One explanation for ‘D-less" VDJs is that many D genes are too short to detect, and a simple analysis of 5’ and 3’ removals from D genes shows that there must be many D genes that are below the minimum length required to make a positive call. I agree though that I have never been sure that this can explain all the sequences for which we can’t identify a D gene.

Since we are talking D genes, the 2006 paper mentioned above (Lee CE et al 2006) suggests that the IMGT classification of D genes may not be correct . We concluded that IGHD4-23 and IGHD5-24 are functional, but IMGT reports them as open reading frames of uncertain functionality. IGHD1-14*01 and IGHD6-25 are defined as functional by IMGT, but we concluded this was not true.
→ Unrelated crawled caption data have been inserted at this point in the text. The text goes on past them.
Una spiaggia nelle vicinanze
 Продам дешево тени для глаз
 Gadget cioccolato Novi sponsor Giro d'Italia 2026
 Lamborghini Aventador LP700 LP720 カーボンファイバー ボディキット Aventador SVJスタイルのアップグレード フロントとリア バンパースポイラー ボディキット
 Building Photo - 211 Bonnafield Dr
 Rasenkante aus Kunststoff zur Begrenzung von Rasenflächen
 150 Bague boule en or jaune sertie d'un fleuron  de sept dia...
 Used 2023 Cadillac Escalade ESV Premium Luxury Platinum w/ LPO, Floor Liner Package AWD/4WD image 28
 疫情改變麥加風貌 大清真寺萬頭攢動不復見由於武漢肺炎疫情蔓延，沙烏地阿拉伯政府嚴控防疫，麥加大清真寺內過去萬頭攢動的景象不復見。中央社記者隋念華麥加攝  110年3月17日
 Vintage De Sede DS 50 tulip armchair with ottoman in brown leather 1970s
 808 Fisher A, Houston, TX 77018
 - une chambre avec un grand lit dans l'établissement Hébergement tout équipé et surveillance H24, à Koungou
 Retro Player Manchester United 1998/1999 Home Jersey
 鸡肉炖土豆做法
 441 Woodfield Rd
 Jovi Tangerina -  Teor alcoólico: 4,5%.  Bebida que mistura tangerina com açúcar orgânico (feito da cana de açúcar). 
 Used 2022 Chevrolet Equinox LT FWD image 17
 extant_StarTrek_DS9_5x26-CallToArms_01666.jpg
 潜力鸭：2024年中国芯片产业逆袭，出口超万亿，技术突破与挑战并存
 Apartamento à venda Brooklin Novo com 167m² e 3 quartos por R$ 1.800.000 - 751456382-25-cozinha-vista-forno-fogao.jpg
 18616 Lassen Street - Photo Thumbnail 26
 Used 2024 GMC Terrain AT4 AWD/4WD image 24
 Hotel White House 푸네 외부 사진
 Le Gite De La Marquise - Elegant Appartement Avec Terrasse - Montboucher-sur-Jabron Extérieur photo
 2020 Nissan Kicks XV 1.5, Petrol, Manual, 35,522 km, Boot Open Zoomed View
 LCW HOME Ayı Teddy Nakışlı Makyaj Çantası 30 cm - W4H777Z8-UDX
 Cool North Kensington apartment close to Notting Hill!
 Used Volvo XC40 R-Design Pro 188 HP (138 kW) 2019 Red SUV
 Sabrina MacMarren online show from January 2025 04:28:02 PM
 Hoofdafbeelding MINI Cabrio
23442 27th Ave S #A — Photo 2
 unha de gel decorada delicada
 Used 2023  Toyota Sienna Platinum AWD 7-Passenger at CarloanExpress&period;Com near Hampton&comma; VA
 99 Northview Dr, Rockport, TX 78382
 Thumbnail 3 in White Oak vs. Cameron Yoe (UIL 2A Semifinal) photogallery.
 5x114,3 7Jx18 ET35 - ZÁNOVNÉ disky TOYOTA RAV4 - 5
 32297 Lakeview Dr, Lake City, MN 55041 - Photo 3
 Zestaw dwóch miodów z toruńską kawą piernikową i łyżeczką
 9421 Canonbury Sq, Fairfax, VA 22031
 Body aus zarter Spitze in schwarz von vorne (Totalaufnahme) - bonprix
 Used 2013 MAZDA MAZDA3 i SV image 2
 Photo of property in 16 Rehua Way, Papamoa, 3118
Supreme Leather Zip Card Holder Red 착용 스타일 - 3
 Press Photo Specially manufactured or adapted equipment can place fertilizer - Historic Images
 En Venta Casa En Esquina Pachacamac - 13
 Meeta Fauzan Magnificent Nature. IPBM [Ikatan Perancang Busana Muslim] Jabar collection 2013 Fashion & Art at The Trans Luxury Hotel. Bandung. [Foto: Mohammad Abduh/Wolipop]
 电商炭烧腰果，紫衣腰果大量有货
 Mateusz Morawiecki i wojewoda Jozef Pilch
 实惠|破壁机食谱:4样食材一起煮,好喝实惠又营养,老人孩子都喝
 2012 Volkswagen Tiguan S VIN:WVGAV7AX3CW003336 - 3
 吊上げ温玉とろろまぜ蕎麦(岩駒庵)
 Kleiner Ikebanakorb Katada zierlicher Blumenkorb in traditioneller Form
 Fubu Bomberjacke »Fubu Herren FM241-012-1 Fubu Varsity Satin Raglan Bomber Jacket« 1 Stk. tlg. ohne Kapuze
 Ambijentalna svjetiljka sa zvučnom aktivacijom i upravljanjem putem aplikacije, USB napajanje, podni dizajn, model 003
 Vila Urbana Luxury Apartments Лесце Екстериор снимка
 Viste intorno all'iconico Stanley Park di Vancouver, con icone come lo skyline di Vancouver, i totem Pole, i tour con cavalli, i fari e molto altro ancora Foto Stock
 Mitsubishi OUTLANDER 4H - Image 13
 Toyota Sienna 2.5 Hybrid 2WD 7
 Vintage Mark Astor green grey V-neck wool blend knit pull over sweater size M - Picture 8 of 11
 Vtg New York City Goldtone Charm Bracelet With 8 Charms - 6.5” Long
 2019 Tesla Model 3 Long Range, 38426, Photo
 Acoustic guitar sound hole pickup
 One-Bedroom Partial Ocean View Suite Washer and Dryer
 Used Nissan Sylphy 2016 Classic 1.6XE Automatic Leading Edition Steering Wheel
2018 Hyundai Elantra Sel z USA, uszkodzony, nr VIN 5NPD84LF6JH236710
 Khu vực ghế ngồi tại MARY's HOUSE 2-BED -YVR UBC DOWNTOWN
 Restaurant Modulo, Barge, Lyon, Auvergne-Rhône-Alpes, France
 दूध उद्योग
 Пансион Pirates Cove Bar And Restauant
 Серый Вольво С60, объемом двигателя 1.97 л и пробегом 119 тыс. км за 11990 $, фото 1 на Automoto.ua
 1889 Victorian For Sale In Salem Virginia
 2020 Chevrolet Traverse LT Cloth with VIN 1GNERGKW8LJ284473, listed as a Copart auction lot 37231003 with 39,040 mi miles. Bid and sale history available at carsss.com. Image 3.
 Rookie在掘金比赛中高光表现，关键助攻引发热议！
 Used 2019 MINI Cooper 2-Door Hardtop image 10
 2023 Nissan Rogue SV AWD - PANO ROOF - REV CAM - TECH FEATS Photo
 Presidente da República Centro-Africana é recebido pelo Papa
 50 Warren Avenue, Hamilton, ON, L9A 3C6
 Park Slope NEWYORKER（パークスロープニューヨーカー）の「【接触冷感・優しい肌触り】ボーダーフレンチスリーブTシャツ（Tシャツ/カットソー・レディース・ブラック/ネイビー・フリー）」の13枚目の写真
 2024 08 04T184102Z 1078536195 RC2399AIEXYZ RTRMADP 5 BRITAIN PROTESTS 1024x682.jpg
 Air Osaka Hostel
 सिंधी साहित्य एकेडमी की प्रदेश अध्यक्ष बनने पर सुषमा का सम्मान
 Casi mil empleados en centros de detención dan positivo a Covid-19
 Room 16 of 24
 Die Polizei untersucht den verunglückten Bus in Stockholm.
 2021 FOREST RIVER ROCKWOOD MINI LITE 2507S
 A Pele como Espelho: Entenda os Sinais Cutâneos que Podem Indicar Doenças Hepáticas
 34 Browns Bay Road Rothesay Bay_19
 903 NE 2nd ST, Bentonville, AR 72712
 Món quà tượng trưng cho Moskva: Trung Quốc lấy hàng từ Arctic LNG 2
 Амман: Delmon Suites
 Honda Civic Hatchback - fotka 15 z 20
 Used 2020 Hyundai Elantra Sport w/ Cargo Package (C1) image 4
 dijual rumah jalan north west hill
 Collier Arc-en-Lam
I would be interested to know if we can reach agreement on this today.

Andrew

2 Likes

Great Andrew, thanks for the thoughts, that’s really useful.

I think I’ll see about hacking together something soon to look for obvious D genes that’re really different from existing ones, just to hopefully notice if there is a big problem.